*** Begin section ***
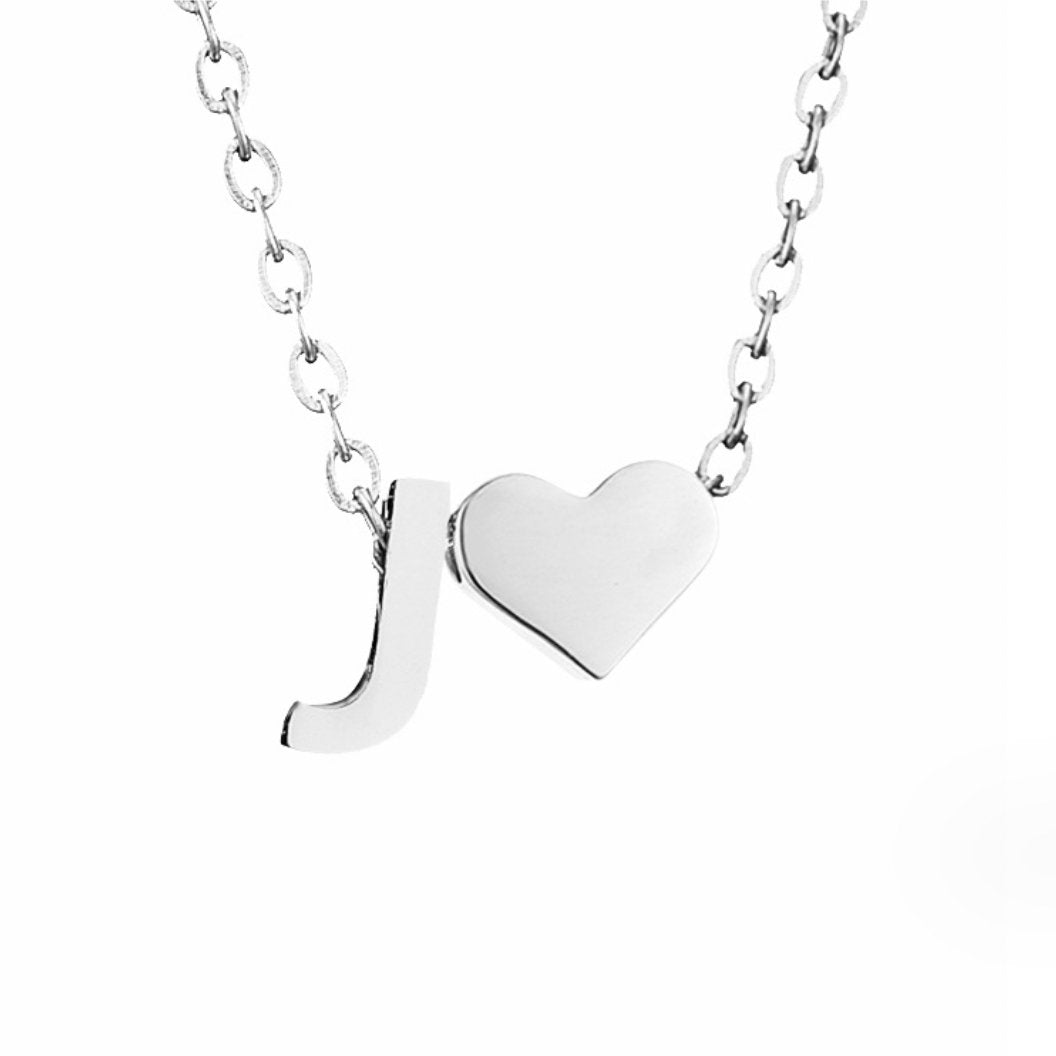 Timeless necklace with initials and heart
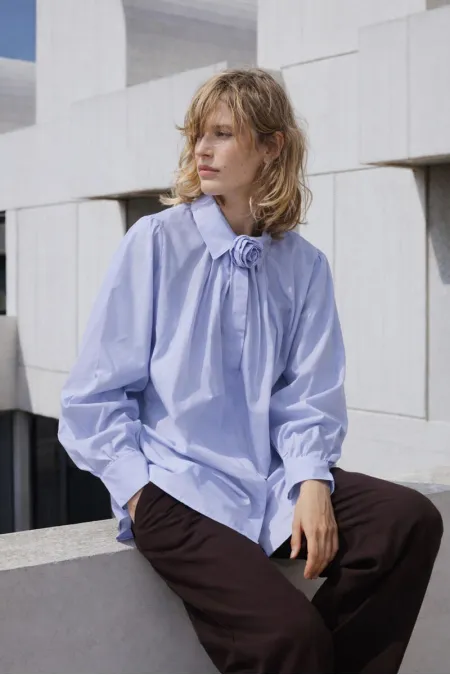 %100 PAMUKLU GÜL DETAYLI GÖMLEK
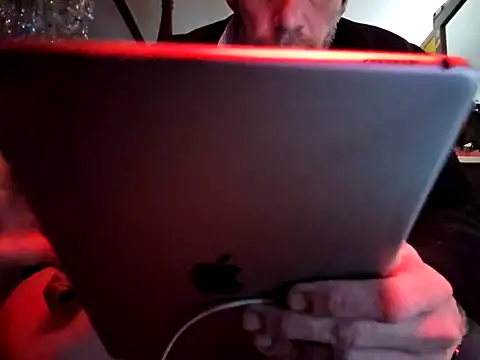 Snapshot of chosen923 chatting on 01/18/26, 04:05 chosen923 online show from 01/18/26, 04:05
*** End section ***
### DIRECTIONS
Pictures aside, reproduce all of the material above without alteration.

### WRITTEN SOLUTION
 Timeless necklace with initials and heart
 %100 PAMUKLU GÜL DETAYLI GÖMLEK
 Snapshot of chosen923 chatting on 01/18/26, 04:05 chosen923 online show from 01/18/26, 04:05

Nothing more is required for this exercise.